ORIE’s Mark Lewis featured in new book, Who is a Scientist?
By: Olivia M. Hall
When Mark Lewis received an email from children’s book author Laura Gehl, asking him to participate in her latest project, he didn’t need much convincing. Now the Maxwell M. Upson Professor of Engineering and ORIE director is among 14 scientists featured to a target audience of three to 10-year-olds in Who Is a Scientist?, released October 5.
In the latest of Gehl’s nearly two dozen popular children’s books, colorful photographs show the diverse group of scientists—from Mark (all participants are identified by their first names) in operations research to Jagmeet in neuroscience, Isha in meteorology, and Joyce in entomology—at work and play. Readers learn that Lewis, for example, “studies how math can be used to make people’s lives better” and that “he also enjoys playing basketball and watching movies.” A separate paragraph aimed at older kids adds details about the field of OR and his research.

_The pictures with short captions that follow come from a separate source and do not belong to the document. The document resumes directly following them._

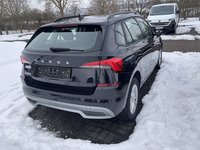 Pogled od pozadi desno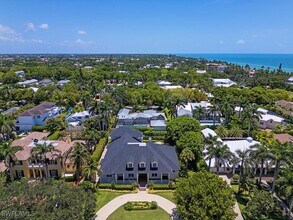 Building Photo - 194 4th Ave N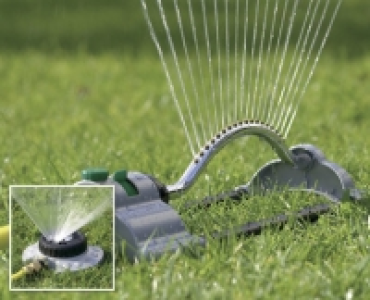 Oscillating/9-in-1 Sprinkler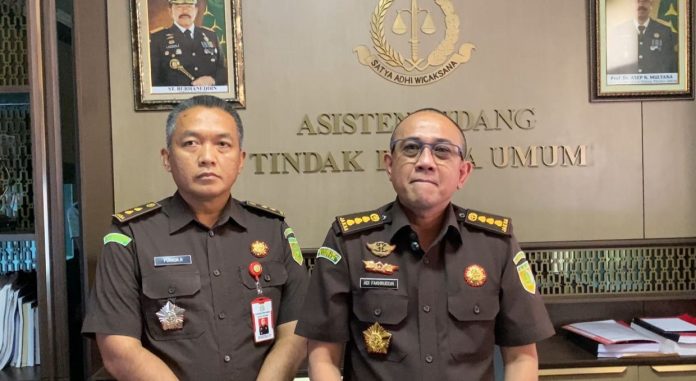 Asisten Tindak Pidana Umum (Aspidum) Kejati Banten, Adi Fakhruddin, bersama Kasi Pidum Kejari Serang, Furqon (Foto: Bantentv.com/ Imron)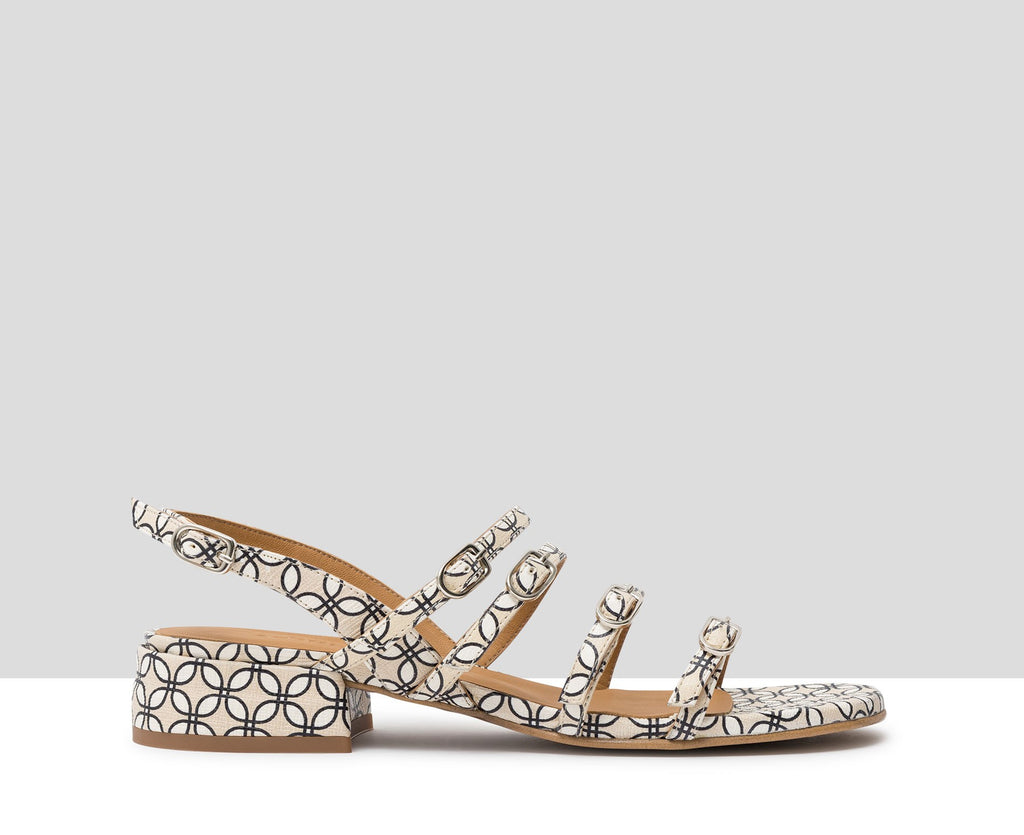 Sandalia de mujer en piel con tacón bajo. Janet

“I wanted kids to see that scientists can study all types of different things and that scientists and kids share a lot of the same passions—for dance and basketball and eating junk food and playing with their pets,” says Gehl, herself a neuroscientist and a mother of four. “It makes it easier for the kids to imagine that they can be scientists, too.” She was eager to include Lewis, she explains, “because I think mathematicians are often neglected when people talk about cool scientific careers.”
Aware of studies finding that most kids think of scientists as white men, Gehl was just as careful to offer as many children as possible a chance to recognize themselves in the individuals shown. The group includes Black, White, Asian American, Latinx, and Indigenous scientists; a scientist with full-sleeve tattoos; a scientist wearing lipstick; a scientist who uses forearm crutches; and a scientist who wears a headscarf. “There should be no ‘mold’ for a scientist; our diversity is our strength,” Lewis agrees.
While Lewis had his father—an engineer—and other family members and their friends to look to as role models, he is well aware of the lack of diverse representation in scientific careers. From kindergarten through his Ph.D., he had only one Black teacher, a math professor in college who introduced him to OR. “Outside of my study of queues, I spend a lot of time and energy thinking of how to change this and to help provide opportunities for students and faculty from underrepresented groups,” says Lewis. “Knowing the goal of Laura’s project is in line with what I am passionate about made it all the more gratifying to take part.” Plus, he adds, “it was a lot of fun.”